Brief descriptive captions:
------------------------------------

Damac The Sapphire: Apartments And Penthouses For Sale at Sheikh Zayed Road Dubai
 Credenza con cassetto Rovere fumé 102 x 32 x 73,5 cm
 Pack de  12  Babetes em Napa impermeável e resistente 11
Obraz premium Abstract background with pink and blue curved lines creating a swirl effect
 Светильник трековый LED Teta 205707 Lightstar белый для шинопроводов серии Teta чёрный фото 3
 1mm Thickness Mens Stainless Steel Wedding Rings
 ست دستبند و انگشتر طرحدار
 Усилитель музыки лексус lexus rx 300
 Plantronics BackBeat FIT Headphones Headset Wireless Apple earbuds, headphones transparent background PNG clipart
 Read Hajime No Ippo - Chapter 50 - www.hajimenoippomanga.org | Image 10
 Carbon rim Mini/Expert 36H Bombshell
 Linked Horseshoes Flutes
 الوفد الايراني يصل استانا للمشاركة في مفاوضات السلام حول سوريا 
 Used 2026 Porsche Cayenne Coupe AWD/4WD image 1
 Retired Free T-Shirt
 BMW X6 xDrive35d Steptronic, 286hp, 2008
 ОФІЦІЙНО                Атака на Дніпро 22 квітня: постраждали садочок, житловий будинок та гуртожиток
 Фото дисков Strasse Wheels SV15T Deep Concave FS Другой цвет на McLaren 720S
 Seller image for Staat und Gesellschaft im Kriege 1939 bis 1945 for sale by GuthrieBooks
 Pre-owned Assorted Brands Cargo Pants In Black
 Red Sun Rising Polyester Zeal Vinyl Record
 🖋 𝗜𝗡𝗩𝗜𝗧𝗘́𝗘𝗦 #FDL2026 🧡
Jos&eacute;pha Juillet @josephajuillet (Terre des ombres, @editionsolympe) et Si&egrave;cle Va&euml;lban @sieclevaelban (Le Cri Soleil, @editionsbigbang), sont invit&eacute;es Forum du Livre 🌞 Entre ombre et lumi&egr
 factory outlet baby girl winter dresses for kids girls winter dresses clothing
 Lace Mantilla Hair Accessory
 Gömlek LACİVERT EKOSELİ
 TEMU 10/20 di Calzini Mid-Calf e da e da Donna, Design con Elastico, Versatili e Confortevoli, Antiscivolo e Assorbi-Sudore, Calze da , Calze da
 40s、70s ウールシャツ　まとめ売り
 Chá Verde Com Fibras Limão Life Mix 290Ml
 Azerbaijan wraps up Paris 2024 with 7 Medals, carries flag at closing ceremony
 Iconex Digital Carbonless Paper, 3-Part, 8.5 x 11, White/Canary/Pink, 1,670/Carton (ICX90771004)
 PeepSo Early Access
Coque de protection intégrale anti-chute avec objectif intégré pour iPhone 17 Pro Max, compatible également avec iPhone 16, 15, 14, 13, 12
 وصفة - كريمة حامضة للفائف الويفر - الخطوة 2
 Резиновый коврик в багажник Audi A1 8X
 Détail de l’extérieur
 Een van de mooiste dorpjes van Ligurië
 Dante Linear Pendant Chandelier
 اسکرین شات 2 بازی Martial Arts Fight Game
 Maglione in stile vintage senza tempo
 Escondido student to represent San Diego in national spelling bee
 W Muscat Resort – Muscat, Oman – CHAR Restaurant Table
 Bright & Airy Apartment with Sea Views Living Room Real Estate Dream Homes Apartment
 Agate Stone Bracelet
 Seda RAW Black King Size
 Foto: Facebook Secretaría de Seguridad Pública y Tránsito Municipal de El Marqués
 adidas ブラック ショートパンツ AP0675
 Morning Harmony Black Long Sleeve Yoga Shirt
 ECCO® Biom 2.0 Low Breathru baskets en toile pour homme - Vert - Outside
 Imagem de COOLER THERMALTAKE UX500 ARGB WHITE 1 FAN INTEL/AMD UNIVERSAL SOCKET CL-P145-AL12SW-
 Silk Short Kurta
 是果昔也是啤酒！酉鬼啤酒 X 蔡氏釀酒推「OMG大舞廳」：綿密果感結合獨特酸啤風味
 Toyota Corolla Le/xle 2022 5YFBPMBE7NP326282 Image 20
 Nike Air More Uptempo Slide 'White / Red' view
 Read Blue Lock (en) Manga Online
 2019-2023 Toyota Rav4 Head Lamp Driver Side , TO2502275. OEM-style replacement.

------------------------------------

*Action item*. Give again exactly, and only, the lines above starting at the one with "Coque de protection" and ending at the one with "Morning Harmony Black Long Sleeve Yoga Shirt".

*Answer to the exercise*.
Coque de protection intégrale anti-chute avec objectif intégré pour iPhone 17 Pro Max, compatible également avec iPhone 16, 15, 14, 13, 12
 وصفة - كريمة حامضة للفائف الويفر - الخطوة 2
 Резиновый коврик в багажник Audi A1 8X
 Détail de l’extérieur
 Een van de mooiste dorpjes van Ligurië
 Dante Linear Pendant Chandelier
 اسکرین شات 2 بازی Martial Arts Fight Game
 Maglione in stile vintage senza tempo
 Escondido student to represent San Diego in national spelling bee
 W Muscat Resort – Muscat, Oman – CHAR Restaurant Table
 Bright & Airy Apartment with Sea Views Living Room Real Estate Dream Homes Apartment
 Agate Stone Bracelet
 Seda RAW Black King Size
 Foto: Facebook Secretaría de Seguridad Pública y Tránsito Municipal de El Marqués
 adidas ブラック ショートパンツ AP0675
 Morning Harmony Black Long Sleeve Yoga Shirt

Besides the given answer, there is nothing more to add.